* [WHAT TO DO]: No picture should appear in the copy. Transcribe exactly, and only, the lines from the one with "Mahjong Party Rik" through the last line of the data below.

(Captioned web images)
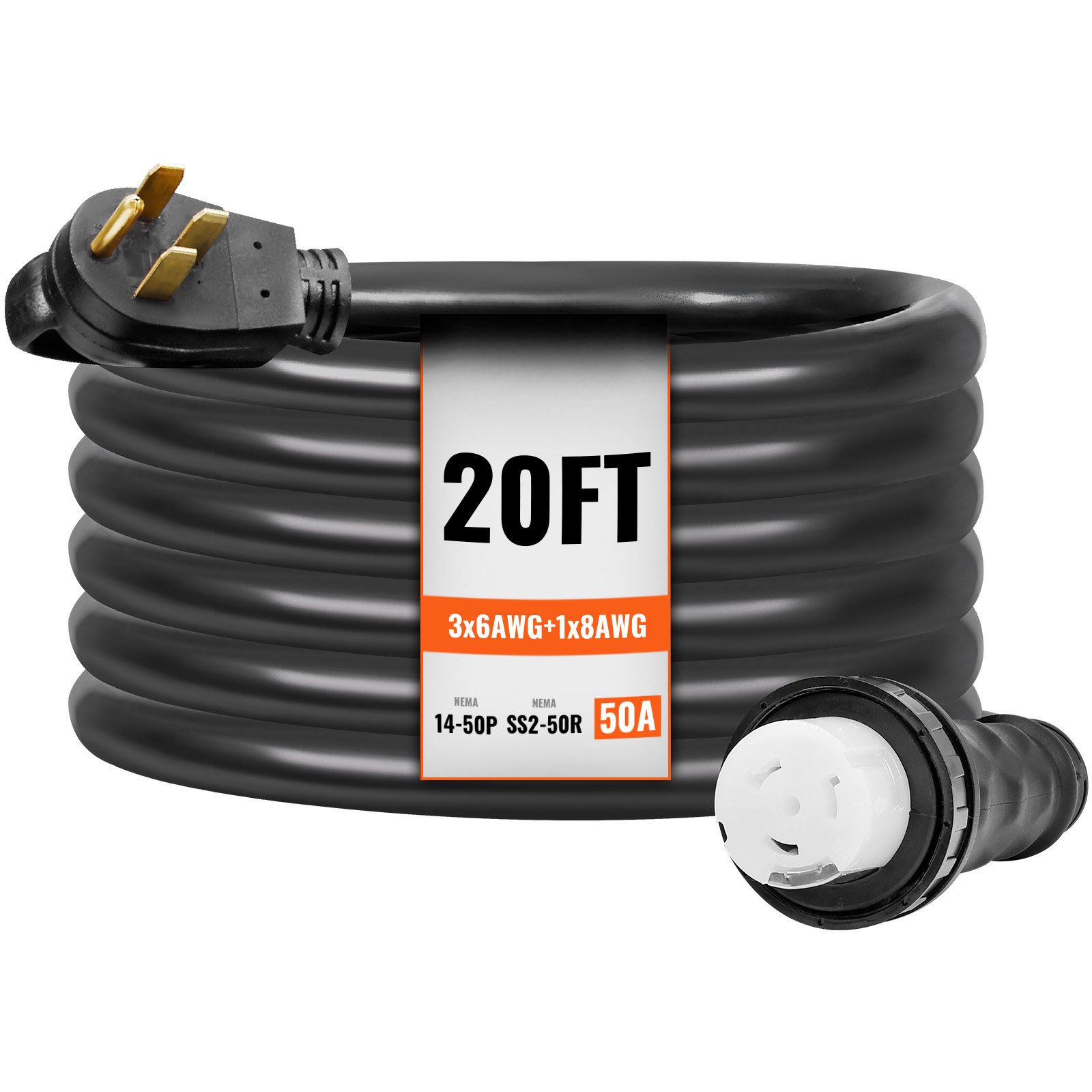 Kit Cable y Caja de Entrada para Generador 50 Amp, 20 pies, NEMA 14-50P/SS2-50R
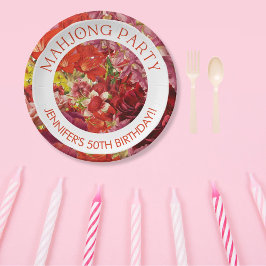 Mahjong Party Rik Bold Blommigt Anpassningsbar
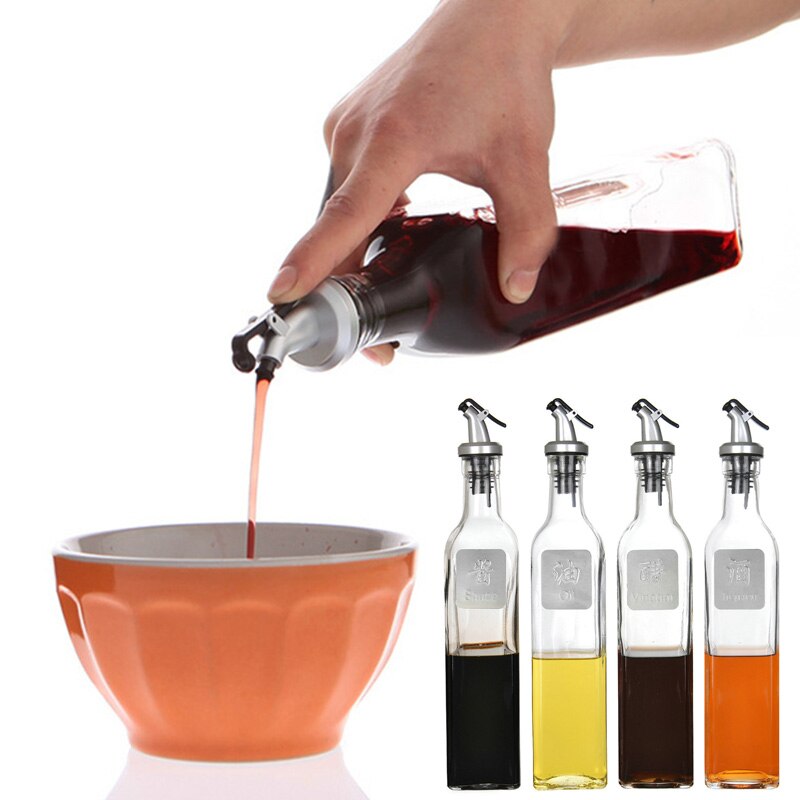 Soledi 500ml glass olje sprøyte bar produkt flytende beholder oljeflaske matlaging vin eddik oppbevaringsflasker kjøkkenutstyr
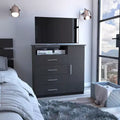 Okak 4-Drawer Dresser with 1 Door-Storage Cabinet&1 Shelf,Large TV Dresser for Bedroom,Living Room,Entryway,Matte Black Finish Dresser,Superior Top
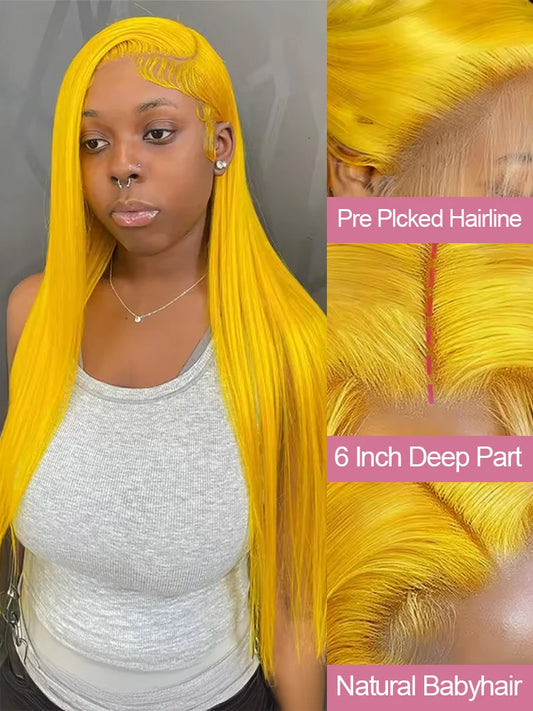 30 40 Inches Light Yellow Straight 13x6 HD Lace Frontal Wigs Human Hair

* [RESULT]:
 Mahjong Party Rik Bold Blommigt Anpassningsbar
 Soledi 500ml glass olje sprøyte bar produkt flytende beholder oljeflaske matlaging vin eddik oppbevaringsflasker kjøkkenutstyr
 Okak 4-Drawer Dresser with 1 Door-Storage Cabinet&1 Shelf,Large TV Dresser for Bedroom,Living Room,Entryway,Matte Black Finish Dresser,Superior Top
 30 40 Inches Light Yellow Straight 13x6 HD Lace Frontal Wigs Human Hair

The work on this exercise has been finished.